[VoiceOps] Mitigating SIP threats with SBC policies, configuration settings

Mark R Lindsey lindsey at e-c-group.com
Wed Sep 3 12:35:29 EDT 2014


Robert -- These are good questions.

On Sep 3, 2014, at 11:49 , Robert Nystrom <ronystrom at gmail.com> wrote:
> First:  Customer's ACME is visible from public Internet on udp/5060, and SIP trunk is only being used to interconnect to SIP trunk carrier for inbound and outbound dialing.  I've tested the SBC from the Internet and it actually responds to INVITE and REGISTER messages (with 403 Forbidden).  They are alsonot supposed to be allowing any REGISTER for remote user MD5 Digest Authentication - but it does respond.  Question:  Is there any operational need or business usage case that you would see that would make this setup a good idea? 

Yes; you often do want to be able to REGISTER with the SBC from random places on the Internet. Does your specific customer need to allow registration from anywhere on the Internet? Maybe not. One popular place to blacklist in advance is APNIC IP space.

The Acme Packet has auto-blacklisting features that can be setup so that if a specific source IP sends several SIP messages without successfully registering or completing a phone call, then the SBC can blacklist the source for a while. E.g., if you don't successfully register within your first three SIP messages, then blacklist you for an hour.

If you do know in advance all the right places from which you 'd be sending SIP to the SBC, then it *is* best to setup the SBC for default-deny so that traffic only from those sources is permitted. That's straightforward to do by matching access-control-trust-levels between the realm-config and the access-control objects.
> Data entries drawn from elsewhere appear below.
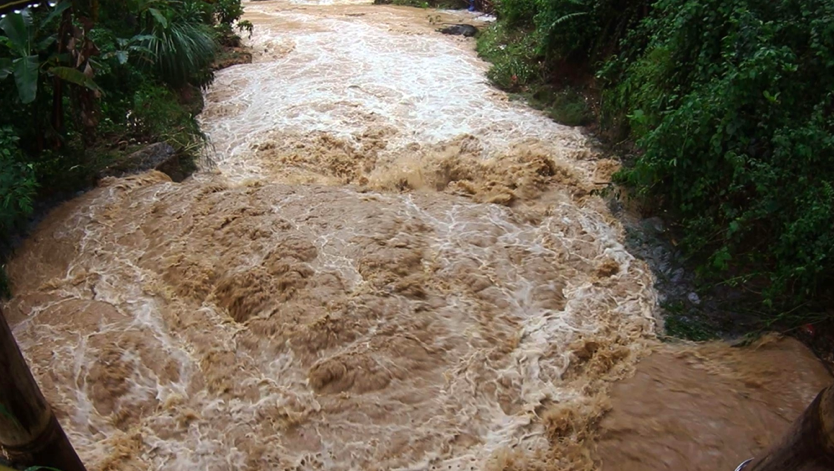 Kondisi Sungai di Kabandungan Sukabumi Keruh dan Meluap Ketika Hujan (Foto Anza Suseno)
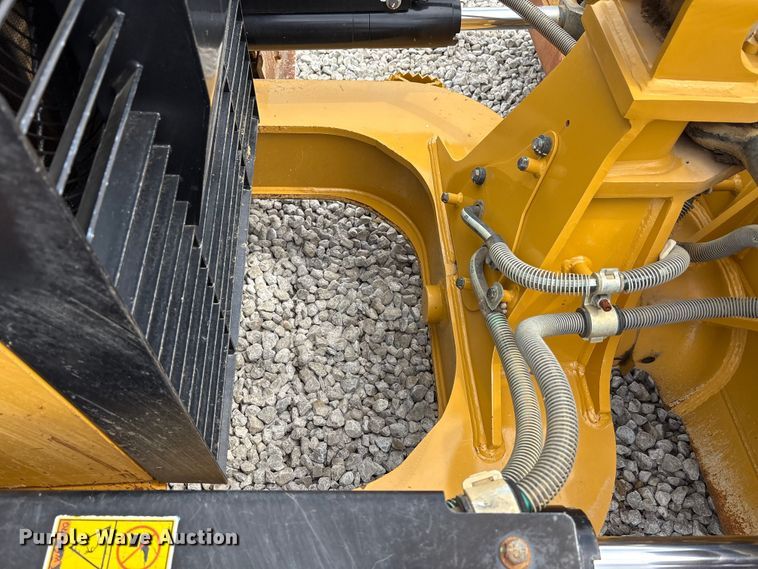 image for item EC4402 2021 Caterpillar D4 dozer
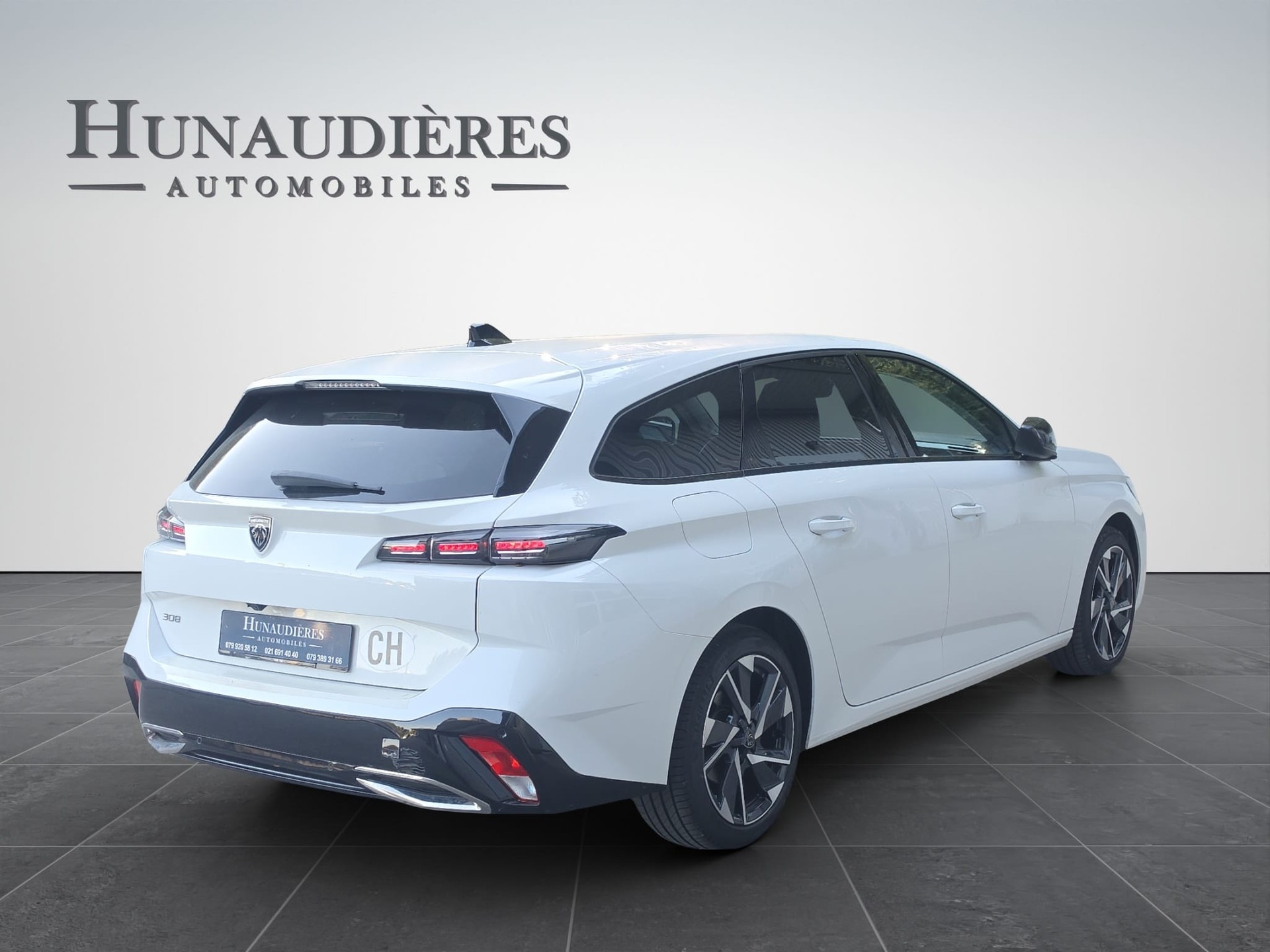 PEUGEOT 308 SW 1.5 BlueHDI Allure Pack EAT8-image-3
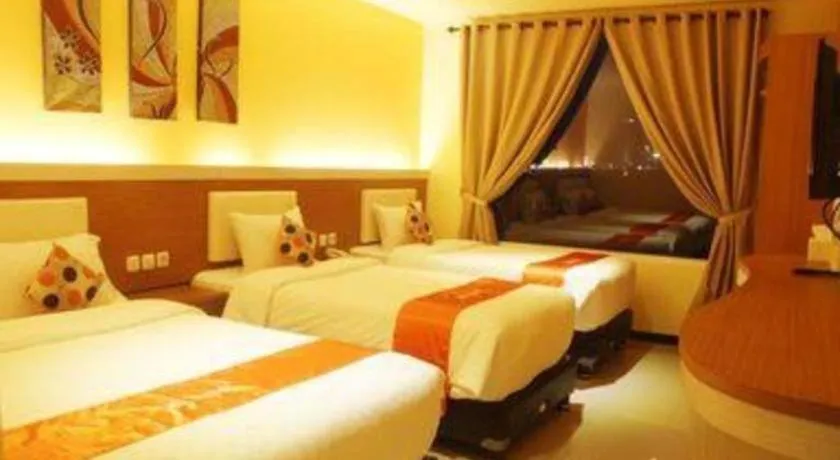 Bed in Tab Hotel Surabaya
> Second:  I have written some SIP software that sends malformed message headers, and have noticed that the SBC responds with different errors other than 403 Forbidden when headers have unexpected values.  For example, when I send an INVITE with extra CRLFs, I get a 400 CSeq missing header.  When I send a Contact header of "None", I get 400 Invalid Contact.  This leads me to believe that the SBC sip parser is parsing all of the SIP message rather than always sending a 403 Forbidden to an IP address sourced from the untrusted public Internet...this also seems to be very risky.  Is there a specific security configuration with the policies that you would recommend?  It seems like this introduces the risk of DoS and fuzzing attacks if the SBC is parsing more of the SIP message rather than just dropping the message based on invalid source IP.  Could lead to cpu and memory issues if the queues are filled from invalid and fuzzed traffic.

The auto-blacklisting functions can help mitigate this risk. In addition to blacklisting based on failure to successfully REGISTER (or do anything else allowed by policy), you can auto-blacklist sources of "invalid signaling". I haven't found a good written definition of "invalid signaling", but I have definitely seen devices that sent slightly-malformed SIP trigger it and get blacklisted. Non-RFC3261-compliant CR's and LF's are definitely a popular way to do it. Bria/EyeBeam/X-Lite's "UDP Keepalives" (0-byte UDP datagrams) have been another way.

Further, there are internal resources (primarily, CPU capacity) allocated differently for trusted sources versus untrusted sources. An untrusted source could be a device that hasn't yet successfully registered , for example, and we might only want to give 2% of total system capacity to all untrusted sources. 

To your bigger point, though, Oracle/Acme Packet does try to be a security device, and I know they test it against fuzzers. Their release notes show when they fixed a security bug or a SIPd crash that was found through fuzzer testing. Yes, it means they have to be extremely careful with how they parse the SIP in order to do so safely.